Já narrei, neste espaço, a saga dos nossos imigrantes, com toda uma avalanche de emoções. Visualizei sua pseudoliberdade de escolher outro continente para morar, imaginei a dor da despedida, a longa e penosa travessia, a morte em alto mar, a decepção na chegada, a força e superação, a fé aliada ao trabalho duro e a edificação do progresso. Mas, por pior que tenha sido, nada se compara àquela que deixou chagas…

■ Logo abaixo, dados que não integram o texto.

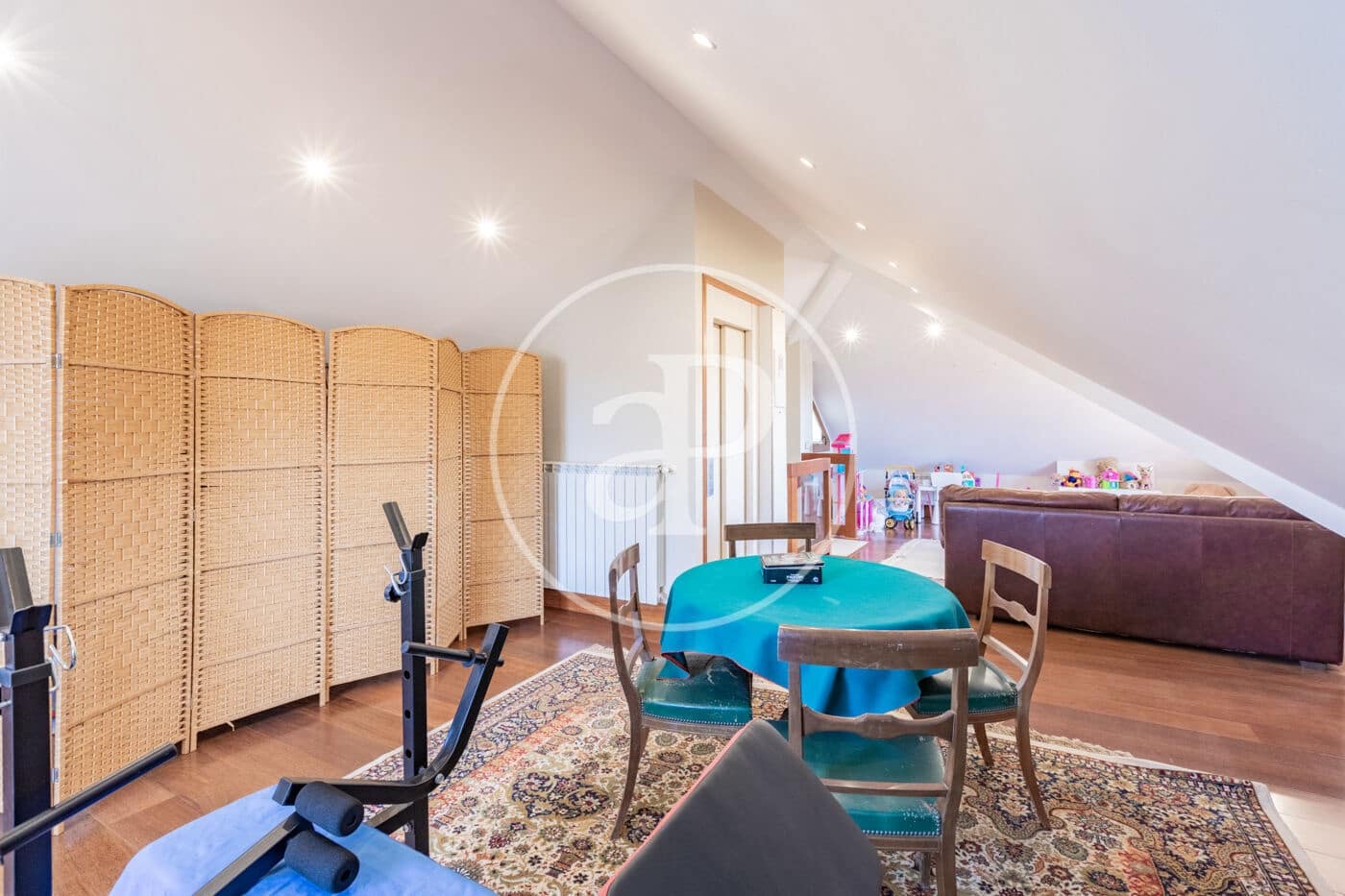 6 bedroom Villa for sale in Pozuelo de Alarcon with pool - € 1,700,000 (Ref: 9057881)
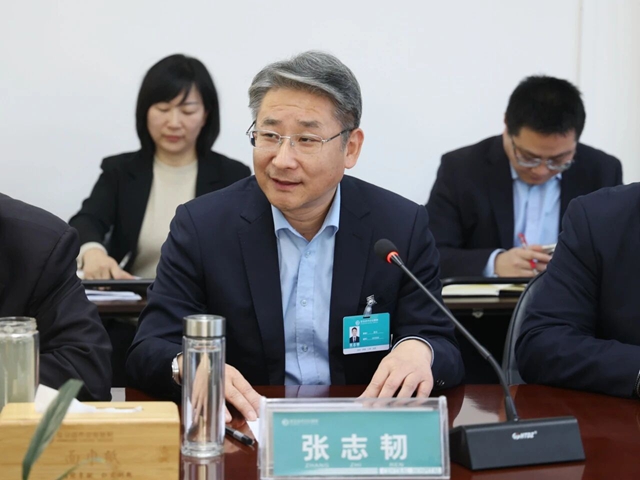 中组部、团中央&ldquo;博士服务团&rdquo;成员刘晓鹏博士挂职驻马店市中心医院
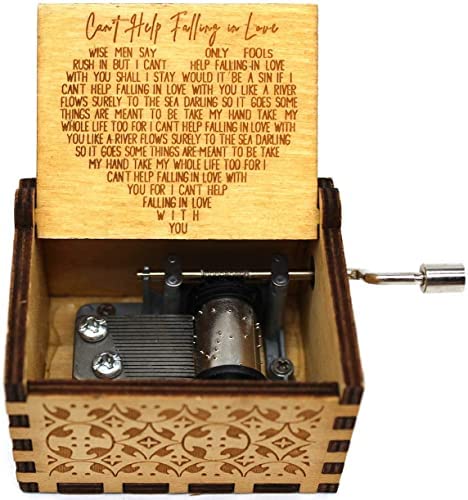Aksuo Boîte à Musique en Bois Antique Sculpté à la Main, Décorations de Boîte à Musique Artisanat en Bois Cadeau pour Les Enfants, Amis,Noël, fête des mères (Can't Help Falling in Love) Cover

Atualmente, com a moda do politicamente correto, que está calando a espontaneidade e gerando tantos problemas, tive momentos de “Afff… Que droga! Se a gente escorrega numa palavrinha interpretada como racista, está oficializada a guerra”. Mas, então, parei para refletir. E, revendo a história do negro, com feridas nem tão cicatrizadas (pouco mais de cem anos da abolição da escravatura é um tempo muito pequeno para se esquecer de violências tão grandes), vivenciei a dimensão do aniquilamento físico, moral e espiritual a que os africanos foram submetidos. E o não reconhecimento da sua contribuição na construção do Brasil em todos os aspectos. Para reavivar a memória e compreender o presente, incursiono hoje a uma viagem pelo passado…

Fins do século dezenove. Nono milésimo transatlântico aporta em Angola. Será o último, mas nem por isso, menos dramático. As famílias, em sobressalto, se escondem, mas nada passa despercebido aos olhares cobiçosos dos mercadores de gente.

A jovenzinha é arrancada dos pais, marcada a ferro quente e embarcada no porão de um navio negreiro, junto a centenas de outros angolanos, na maioria, do sexo masculino. Durante a viagem até o Rio de Janeiro, ela se agarra ao amuleto Abayomi, feito de pano por alguma mãe aflita que o deixou cair no chão infecto. A comida é escassa, a água, não potável, as condições sanitárias, desumanas. Numa das vistorias, um tripulante deita o olhar ávido sobre a nudez da garota, que é estuprada, ato esse que vai se repetir dezenas de vezes em terra firme. Do porto, a jovenzinha segue até uma fazenda de café. Lá acaba sendo mãe, não dos filhos de sangue, mas dos filhos dos patrões. Sugada até a última gota, é alforriada pela Lei dos Sexagenários. Sem eira nem beira, fica ao deus dará… Os bastardos? A Lei Áurea logo os libertará e, assim como ela, eles serão abandonados à própria sorte…

Essa personagem ficcional representa milhares de mulheres negras que foram tatuadas no corpo e na alma, gerando uma descendência que ainda anseia por uma sociedade livre, fraterna e igualitária.